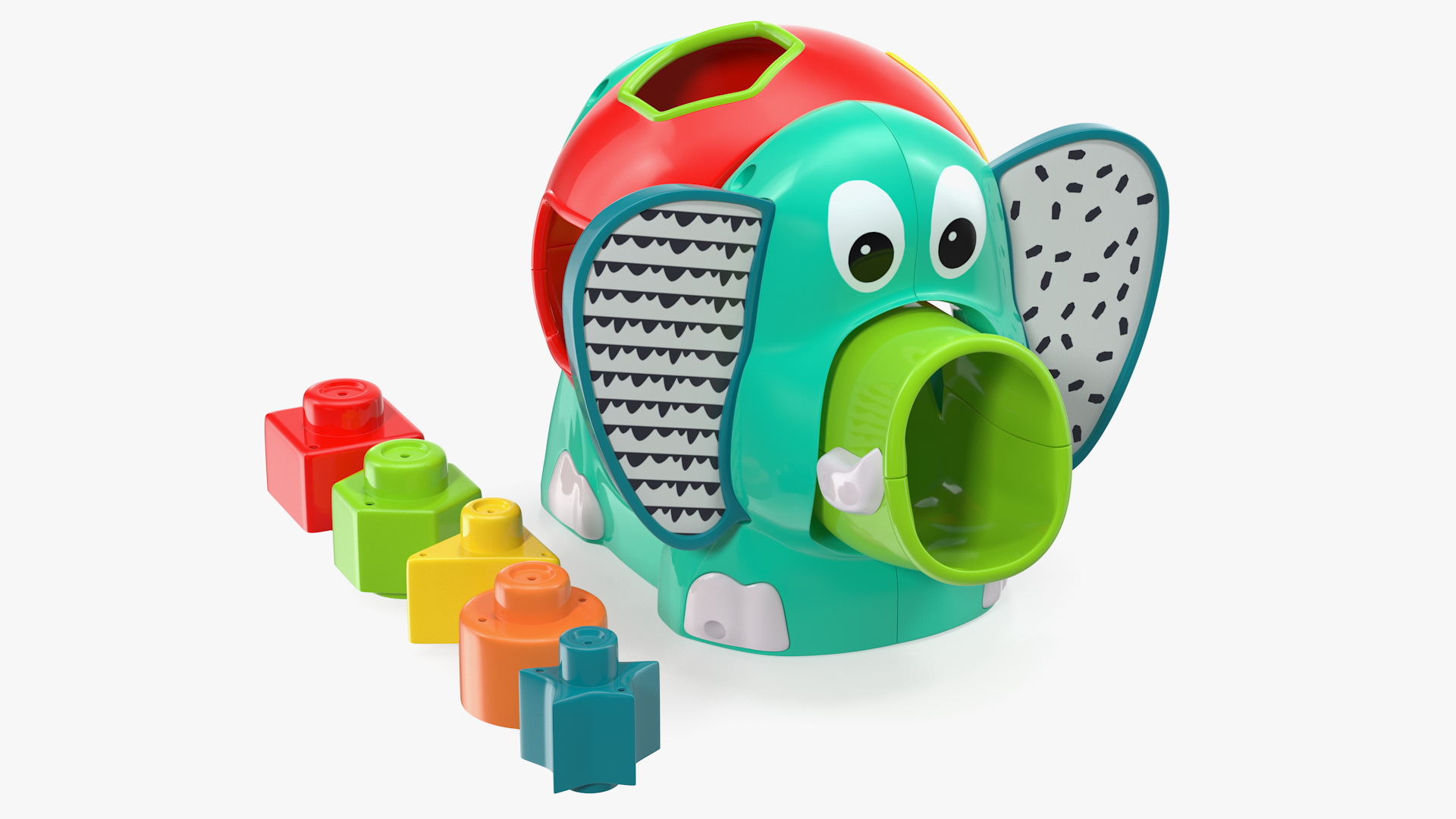 3D Jumbo Elephant Shape Sorter Toy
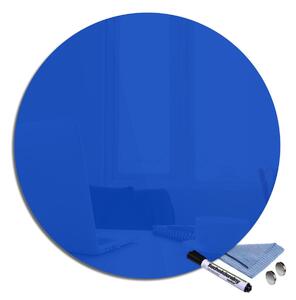 Glasdekor Magnetická skleněná tabule pr.40cm královská modrá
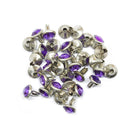 Diamante Rivets - 8mm - Purple - A20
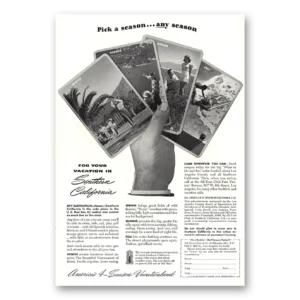 1948 Southern California Print Ad | Pick Season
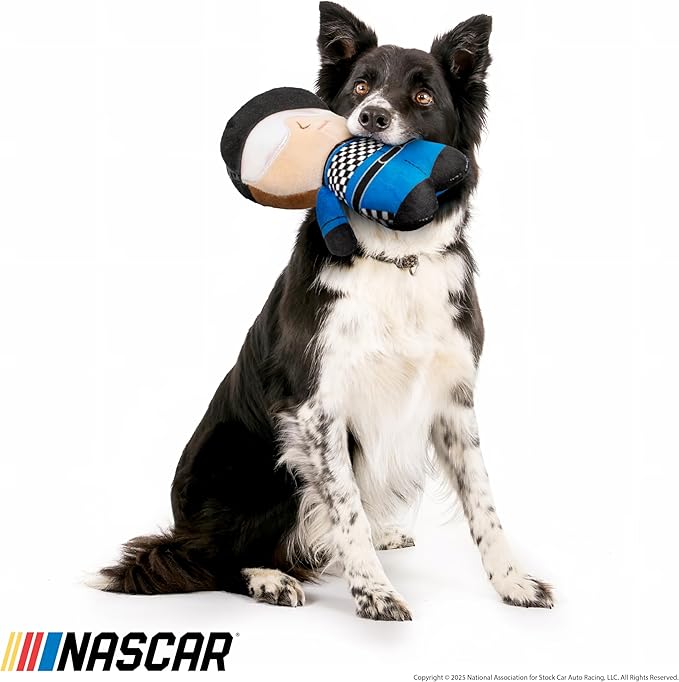 design LAB, Inc. NASCAR Official Merchandise | NASCAR Toy Plush 'Pit Crew & Piston' Dog Toy Gift Set | Fun Squeaky Toys for Dogs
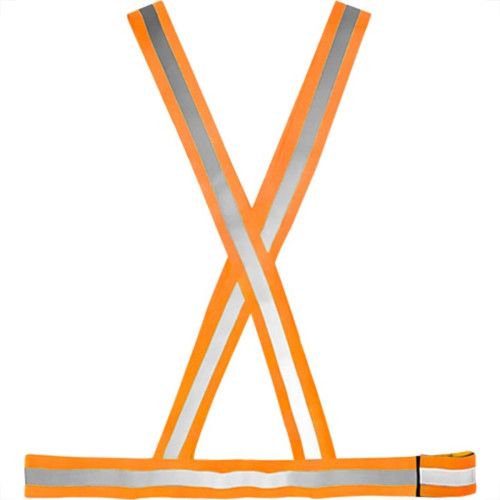 Colete X Para Sinalizacao Plastcor Noturno/Diurno Laranja Colete X Para Sinalizacao Plastcor Noturno/Diurno Laranja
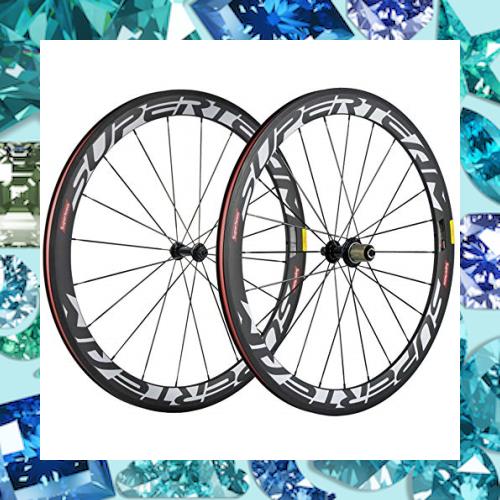 SUPERTEAM 50mm クリンチャ ーホイールセット700c 23mm ロードバイク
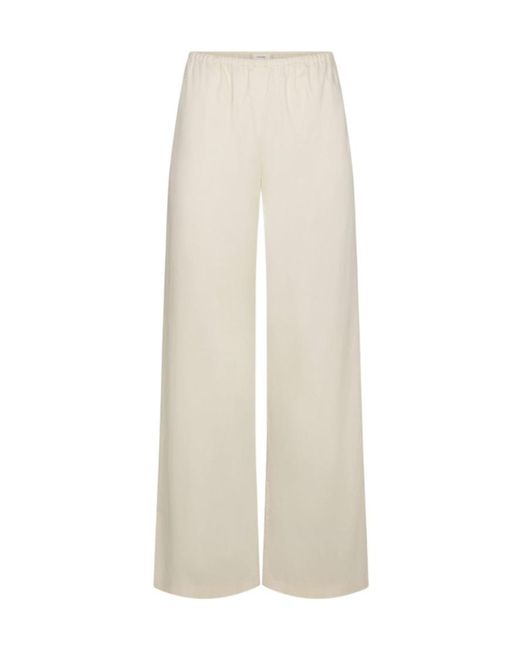 FRAME White The Society Wide-Leg Trousers
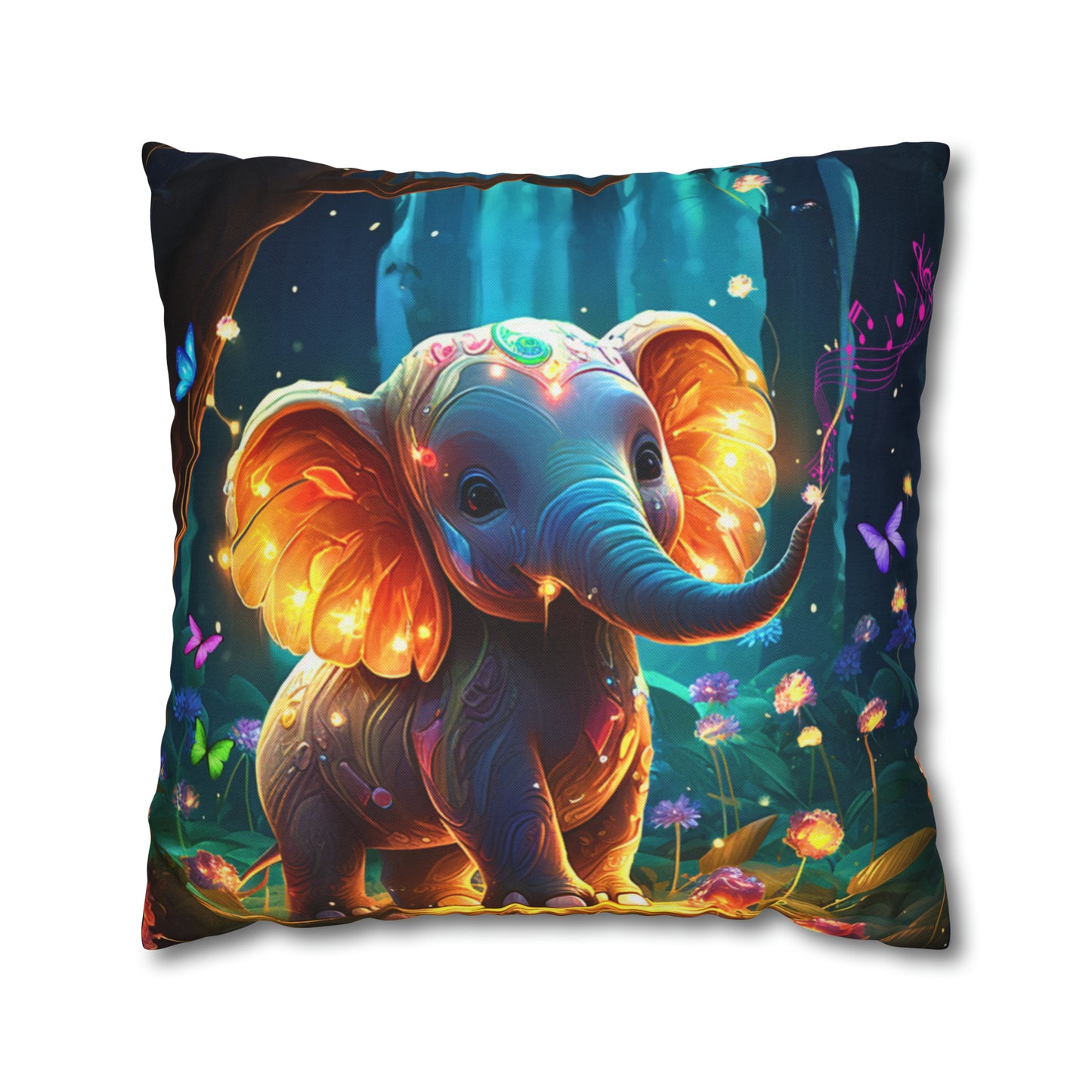 Square Pillow - Enchanted Forest Melody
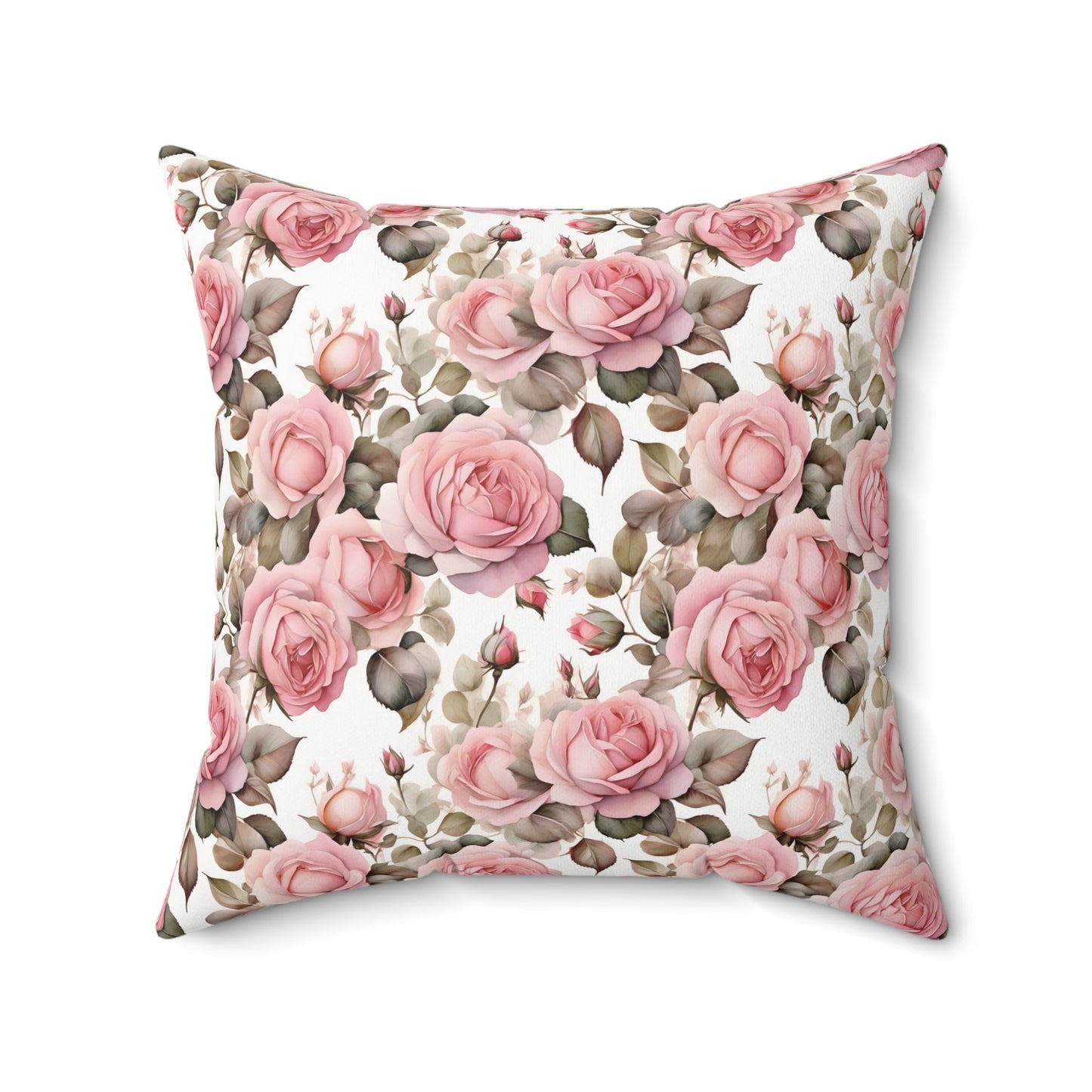 Romantic Roses Coquette Decor Spun Polyester Square Pillow - Bebe Buchi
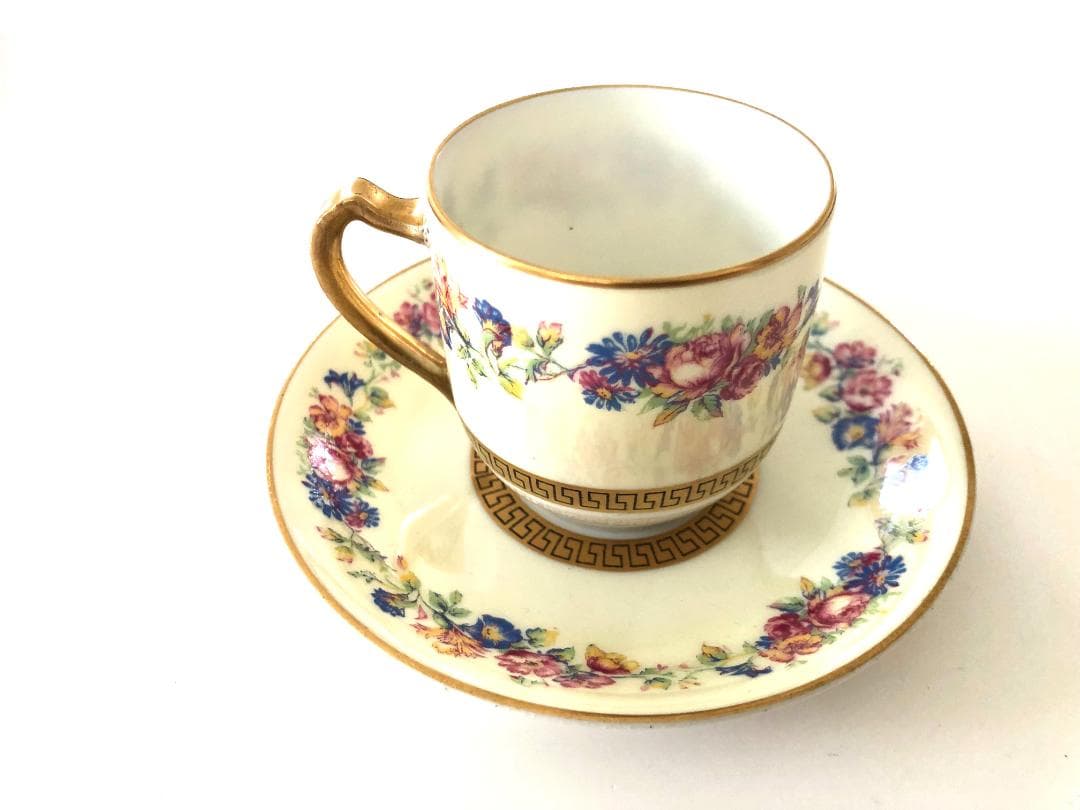 アビランド リモージュ カップ&ソーサー 金彩花柄 【アンティーク】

INSTRUCTIONS FOR THE TASK:
Each entry should be copied exactly as written, though any pictures stay out.

RESULT OF THE TASK:
 3D Jumbo Elephant Shape Sorter Toy
 Glasdekor Magnetická skleněná tabule pr.40cm královská modrá
 Diamante Rivets - 8mm - Purple - A20
 1948 Southern California Print Ad | Pick Season
 design LAB, Inc. NASCAR Official Merchandise | NASCAR Toy Plush 'Pit Crew & Piston' Dog Toy Gift Set | Fun Squeaky Toys for Dogs
 Colete X Para Sinalizacao Plastcor Noturno/Diurno Laranja Colete X Para Sinalizacao Plastcor Noturno/Diurno Laranja
 SUPERTEAM 50mm クリンチャ ーホイールセット700c 23mm ロードバイク
 FRAME White The Society Wide-Leg Trousers
 Square Pillow - Enchanted Forest Melody
 Romantic Roses Coquette Decor Spun Polyester Square Pillow - Bebe Buchi
 アビランド リモージュ カップ&ソーサー 金彩花柄 【アンティーク】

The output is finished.